» GIVEN DATA:
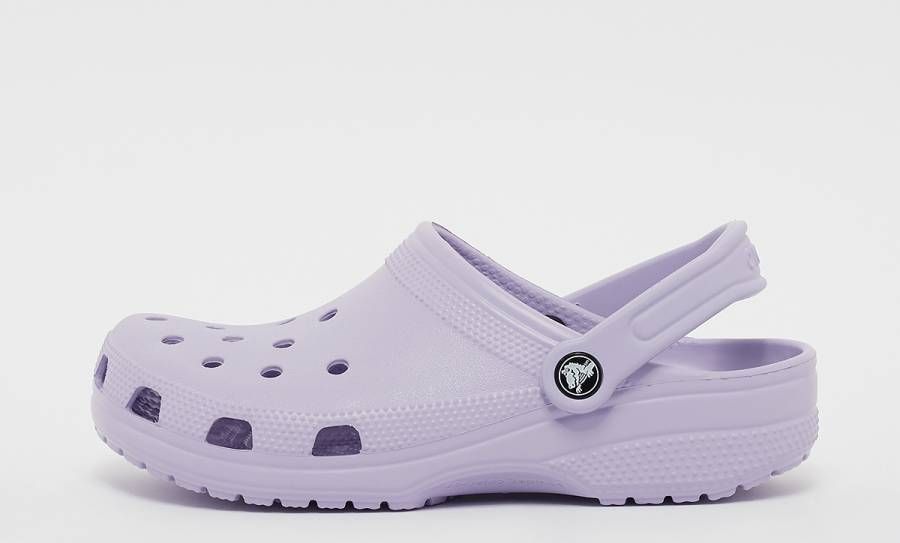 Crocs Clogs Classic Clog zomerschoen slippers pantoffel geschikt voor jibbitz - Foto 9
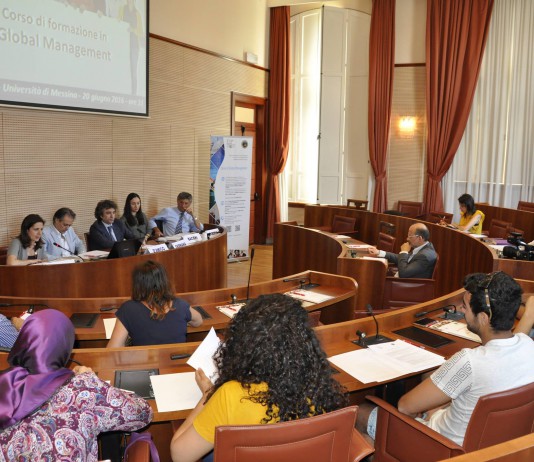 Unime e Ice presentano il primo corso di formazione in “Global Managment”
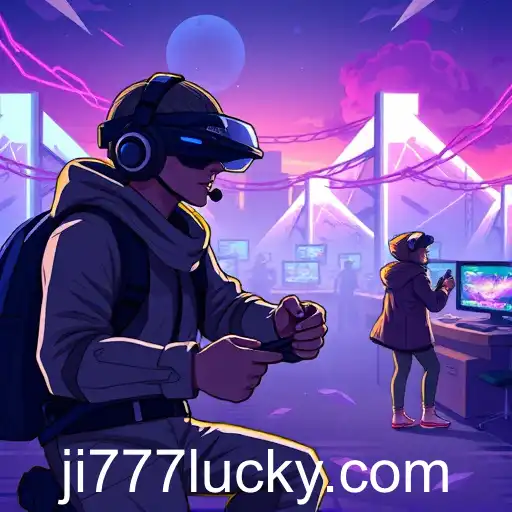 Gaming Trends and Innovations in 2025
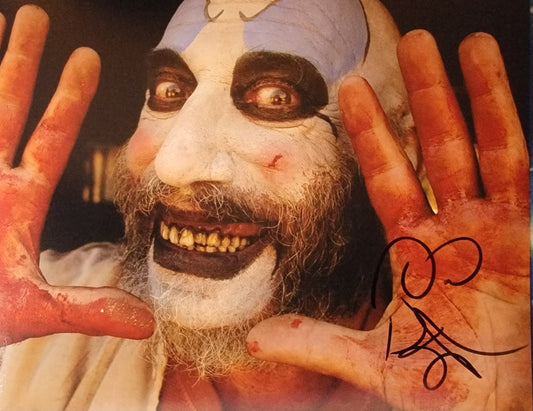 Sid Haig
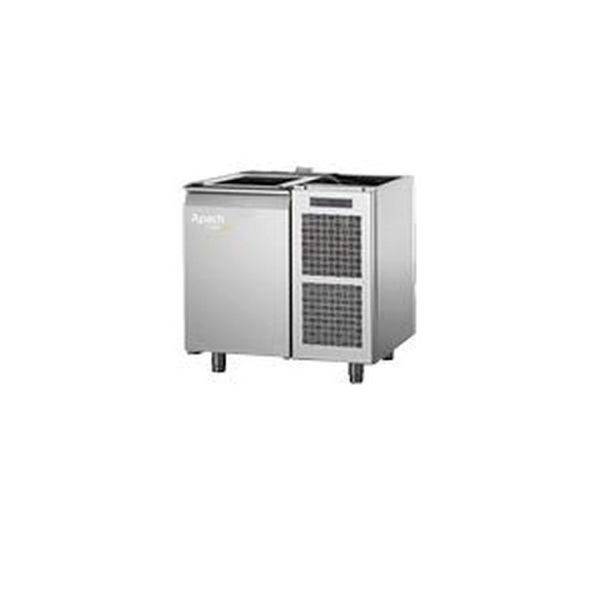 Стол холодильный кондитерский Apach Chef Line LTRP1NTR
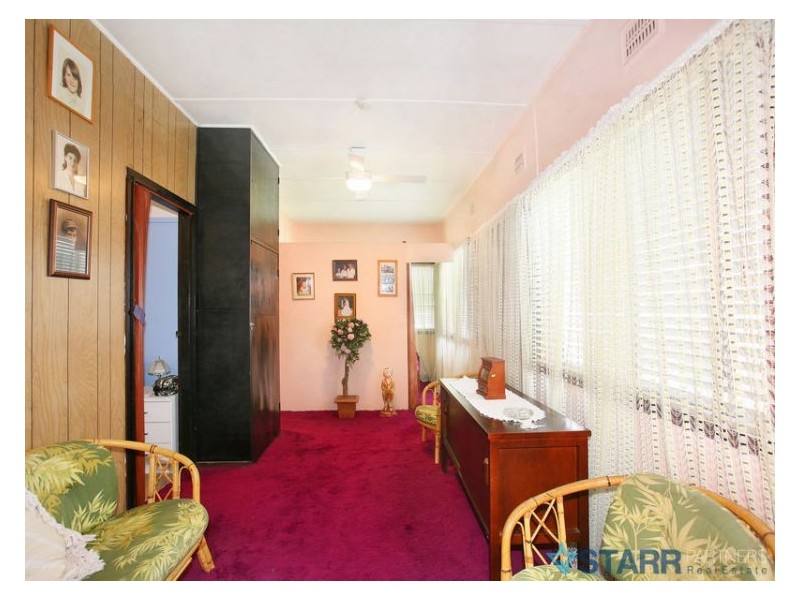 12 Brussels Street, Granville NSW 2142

» YOUR TASK: With the pictures left out, return each entry exactly as written.

» TASK RESPONSE:
 Crocs Clogs Classic Clog zomerschoen slippers pantoffel geschikt voor jibbitz - Foto 9
 Unime e Ice presentano il primo corso di formazione in “Global Managment”
 Gaming Trends and Innovations in 2025
 Sid Haig
 Стол холодильный кондитерский Apach Chef Line LTRP1NTR
 12 Brussels Street, Granville NSW 2142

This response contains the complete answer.